Holden Equinox review New Zealand
It’d been a while since I’d been behind the wheel of Holden’s new Equinox, so I guess I could be excused, but I’d forgotten just how car-like this SUV was. Of course not from the outside, although its design is quite sleek, nor in many respects from the amount of room it has on the inside, no what I’m talking about is driveability, but I’m getting ahead of myself.
I had been given the LTZ model to play with, very fetching in ‘Son of a Gun’ Grey. Mind you, upon reflection, I would have been happy with any of the other six colours (including Glory Red, Tuxedo Black or Blue Steel) too.
From its chromed out Holden grille, LED headlamps and daytime running lamps of its shapely nose, through the contoured body, sharp chrome window line and 18” alloys of its profile, to its ‘foot key’ tailgate, roof spoiler and LED taillights of its rear, the Equinox carries its 4.65m length and 1.84m width well.
Under the bonnet sits a 2.0L turbo engine that will happily produce 188kW and 353Nm to the AWD while the 9-speed auto box keeps the gear shift smooth and the fuel efficiency down to 8.4L/100k (Euro 5 too).
However, as I suggested in the opening, the interior is where it’s really at. The cabin of the Equinox is a really nice place to be. There’s leather effect on the seats which are side bolstered, comfortable and easy to clean for those of us that have messy kid(s). The contrast stitching goes across the seats, dash and door cards presenting a very upmarket feel. Oh, and the heated seats are available for BOTH front and rear passengers.
The 8” Colour touch screen that is integrated into the dash provides Android and Apple connectivity and Bose sounds. Below this is an induction phone charger and easy to use off-road driving selection. For the modern and connected family, the Equinox allows for 4 USB ports (2 front/2 rear) and even has a 230-volt universal power outlet! The cabin is roomy and offers up a large amount of space for both passengers and luggage, with around 1m of head and legroom offered to all humans and almost 1800 Litres of freedom for your stuff when the seats are folded down.

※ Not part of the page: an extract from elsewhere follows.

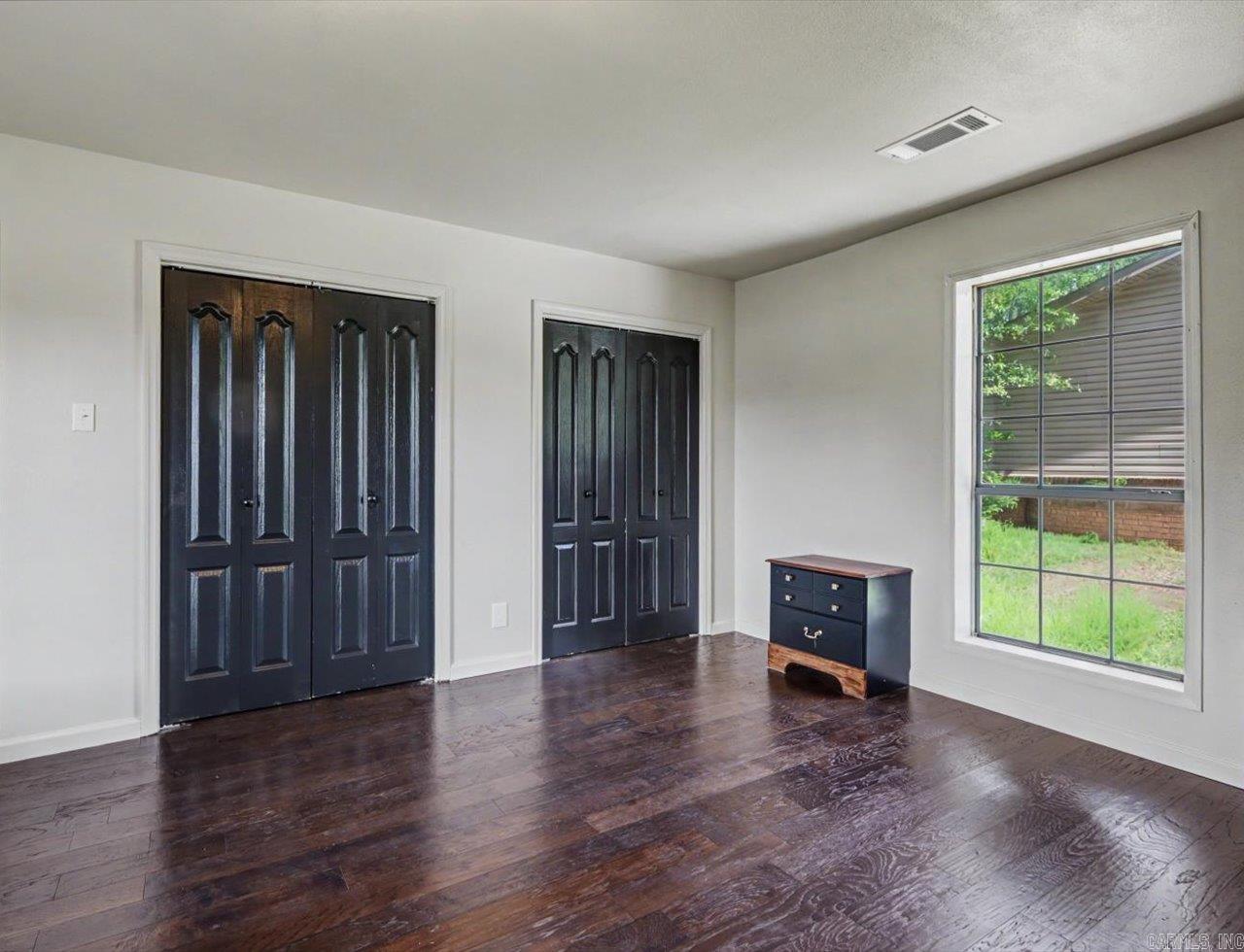 101 Cedarwood Property Photo 30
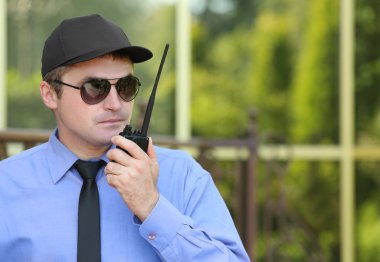 erkek güvenlik görevlisi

The Equinox is smothered in Driver’s assists, quality rear camera, rear cross traffic alert, lane keep assist, blind spot alert, cruise control to name but a few. For those to consider parking to be a pain in the rear end, the Equinox has you covered with Advanced Park Assist, simply push the button and be valet parked and also, rather than the common garden progressively louder and annoying beeps, the Equinox gives off a seat vibration as you near an obstacle or potential danger – mind you, this does take a little getting used to.
All the above sounds great I’m sure but it’s when you actually drive this SUV that everything falls into place. Around the countryside, it feels secure and responds well to the variety of rod surfaces that NZ often delivers, the torquey 2L allowing plenty of corner exit speed, but it was on my rush hour commute that I really may have lost the plot (no not like that). As is often the case when I’m stuck nose to tail in traffic, my mind wandered into space and beyond. But as ‘reality’ began to kick back in I honestly forgot for a moment that I was inside an SUV, the driving position and the interior are so car-like – and to me, that’s a very good thing.
Although it’s been touted as a replacement for the Captiva, the Holden Equinox quite happily stands free and clear and on its own four feet. It has a refreshed design and an all round lifestyle appeal which when combined makes it quite the stellar SUV.